• Dataset section:
**********

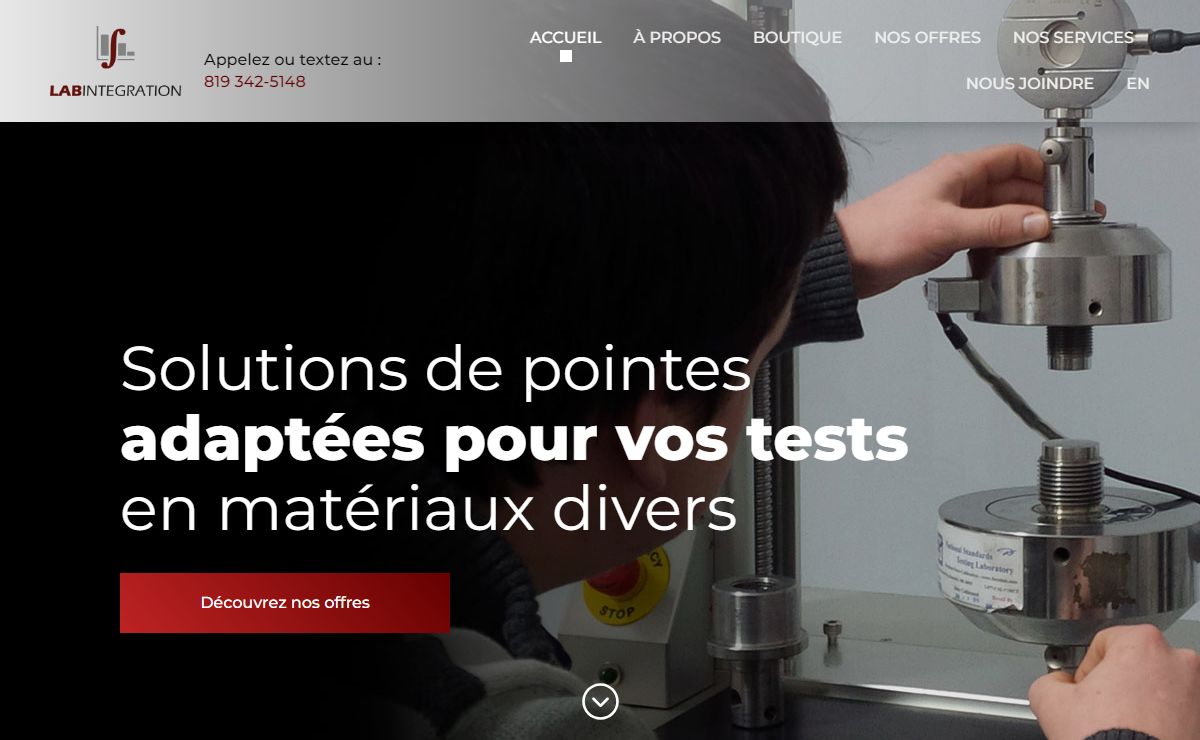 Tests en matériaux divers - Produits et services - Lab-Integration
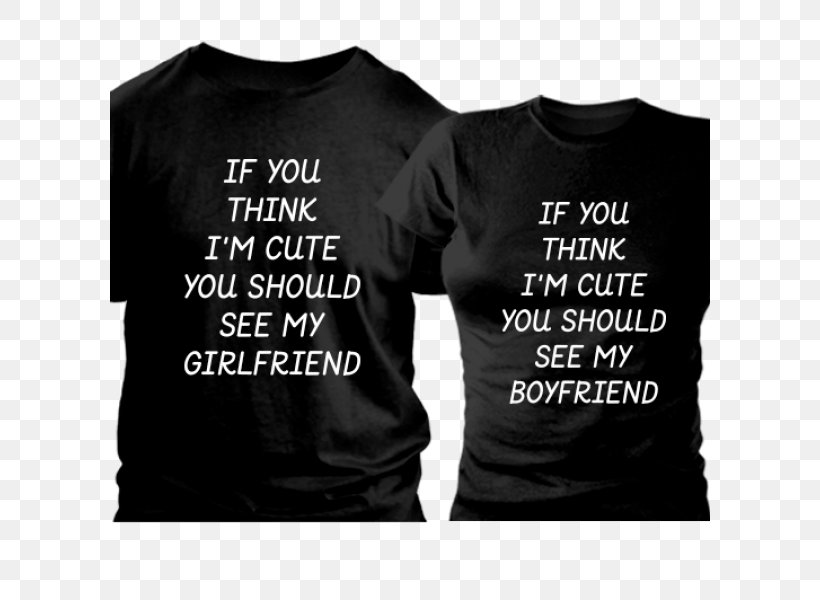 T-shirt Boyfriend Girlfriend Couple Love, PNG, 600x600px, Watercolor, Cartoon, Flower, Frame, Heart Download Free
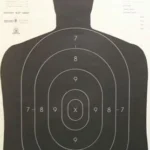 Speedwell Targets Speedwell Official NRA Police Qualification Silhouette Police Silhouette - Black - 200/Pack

**********

• Prompt: Everything in the data must be printed verbatim except the pictures.

• Problem solution:
 Tests en matériaux divers - Produits et services - Lab-Integration
 T-shirt Boyfriend Girlfriend Couple Love, PNG, 600x600px, Watercolor, Cartoon, Flower, Frame, Heart Download Free
 Speedwell Targets Speedwell Official NRA Police Qualification Silhouette Police Silhouette - Black - 200/Pack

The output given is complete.